= Russell Kirk Center for Cultural Renewal =

Organization

The Russell Kirk Center for Cultural Renewal is a nonprofit educational organization based in Mecosta, Michigan. It was founded in order to continue the legacy of Dr. Russell Kirk, an American political theorist, historian, social critic, literary critic, and fiction author. The Center is known for promoting traditionalist conservatism and regularly publishing Studies in Burke and His Time and The University Bookman, the oldest conservative book review in the United States.

Based in Russell Kirk's ancestral home of Mecosta, Michigan, the Russell Kirk Center hosts seminars, research, and fellowship opportunities in what is now a unique residential library and conference center. These activities, rooted in one of American conservatism's historic places, constitute an educational community at the core of the Center's mission.

==The University Bookman==
The University Bookman was founded by Russell Kirk in 1960 as A Quarterly Review of Educational Materials. It is the oldest continuously published right-leaning book journal in the United States. From 1960 to 1990, the journal was distributed freely to subscribers of National Review. For most of its history, the journal had been edited by members of the Kirk family, until 2005, when Gerald Russello was appointed editor.
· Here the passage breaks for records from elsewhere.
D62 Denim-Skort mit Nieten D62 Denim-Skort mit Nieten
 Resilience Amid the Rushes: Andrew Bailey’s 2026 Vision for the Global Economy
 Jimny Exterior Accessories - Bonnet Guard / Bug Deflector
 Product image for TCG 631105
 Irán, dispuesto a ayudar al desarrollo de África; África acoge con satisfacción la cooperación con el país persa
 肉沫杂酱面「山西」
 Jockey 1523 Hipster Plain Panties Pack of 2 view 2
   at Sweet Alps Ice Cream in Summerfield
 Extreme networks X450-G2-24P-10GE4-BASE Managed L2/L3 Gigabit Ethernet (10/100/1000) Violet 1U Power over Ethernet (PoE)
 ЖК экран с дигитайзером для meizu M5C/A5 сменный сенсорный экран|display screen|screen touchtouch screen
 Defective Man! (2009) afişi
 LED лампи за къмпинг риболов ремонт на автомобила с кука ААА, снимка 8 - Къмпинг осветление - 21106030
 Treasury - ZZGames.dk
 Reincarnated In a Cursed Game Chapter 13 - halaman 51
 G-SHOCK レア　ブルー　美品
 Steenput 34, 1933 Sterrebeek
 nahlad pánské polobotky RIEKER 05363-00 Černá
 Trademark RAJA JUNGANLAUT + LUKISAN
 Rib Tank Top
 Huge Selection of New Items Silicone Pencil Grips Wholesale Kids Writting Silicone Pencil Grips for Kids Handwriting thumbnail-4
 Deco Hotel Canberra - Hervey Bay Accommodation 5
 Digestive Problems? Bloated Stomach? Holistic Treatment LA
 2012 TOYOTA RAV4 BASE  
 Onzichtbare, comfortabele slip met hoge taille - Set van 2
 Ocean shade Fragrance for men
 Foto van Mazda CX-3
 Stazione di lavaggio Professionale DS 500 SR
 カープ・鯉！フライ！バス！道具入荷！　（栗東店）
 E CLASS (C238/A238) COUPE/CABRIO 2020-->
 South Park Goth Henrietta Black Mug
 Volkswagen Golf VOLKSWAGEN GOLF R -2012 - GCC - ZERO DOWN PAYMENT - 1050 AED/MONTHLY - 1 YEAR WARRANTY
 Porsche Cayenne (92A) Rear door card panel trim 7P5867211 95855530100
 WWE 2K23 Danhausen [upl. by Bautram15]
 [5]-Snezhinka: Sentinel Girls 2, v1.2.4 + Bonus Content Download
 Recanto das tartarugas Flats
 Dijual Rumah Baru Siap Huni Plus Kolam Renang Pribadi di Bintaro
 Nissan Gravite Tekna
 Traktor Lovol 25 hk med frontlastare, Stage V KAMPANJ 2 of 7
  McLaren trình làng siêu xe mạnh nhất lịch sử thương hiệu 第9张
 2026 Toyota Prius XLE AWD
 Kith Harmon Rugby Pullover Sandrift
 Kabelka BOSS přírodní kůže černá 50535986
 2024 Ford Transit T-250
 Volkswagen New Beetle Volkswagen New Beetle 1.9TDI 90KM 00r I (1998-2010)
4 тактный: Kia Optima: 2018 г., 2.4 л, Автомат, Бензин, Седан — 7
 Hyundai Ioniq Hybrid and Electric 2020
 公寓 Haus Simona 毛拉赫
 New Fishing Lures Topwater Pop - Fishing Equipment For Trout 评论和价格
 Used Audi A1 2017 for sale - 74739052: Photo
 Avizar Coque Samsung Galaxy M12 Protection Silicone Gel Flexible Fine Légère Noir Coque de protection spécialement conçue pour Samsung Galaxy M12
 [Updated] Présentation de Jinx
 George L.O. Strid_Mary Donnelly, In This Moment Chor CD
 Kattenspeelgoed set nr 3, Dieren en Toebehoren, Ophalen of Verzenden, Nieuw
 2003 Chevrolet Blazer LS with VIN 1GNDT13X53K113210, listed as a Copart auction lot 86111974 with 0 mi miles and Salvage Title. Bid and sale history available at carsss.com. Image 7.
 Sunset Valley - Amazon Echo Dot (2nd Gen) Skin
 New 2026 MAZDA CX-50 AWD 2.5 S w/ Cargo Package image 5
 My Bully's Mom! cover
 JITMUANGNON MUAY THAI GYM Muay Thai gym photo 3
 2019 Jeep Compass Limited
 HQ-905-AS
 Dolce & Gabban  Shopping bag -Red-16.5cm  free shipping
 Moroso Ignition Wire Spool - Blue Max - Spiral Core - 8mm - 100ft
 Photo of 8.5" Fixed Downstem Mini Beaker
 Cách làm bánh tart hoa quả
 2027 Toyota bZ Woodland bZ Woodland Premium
Some of its notable contributors include James Schall, Peter Augustine Lawler, Allan Carlson, John Lukacs, and George Nash.

==Staff==
The Russell Kirk Center's president is Annette Y. Kirk, widow of Russell Kirk. Jeffrey O. Nelson, Kirk's son-in-law, is director of publications. Senior Fellows at the Center include Bruce Frohnen, Vigen Guroian, Gleaves Whitney, and others. The Center's Board of Advisors includes T. Kenneth Cribb, Jr., John Engler, Edwin Feulner, Forrest McDonald, and others.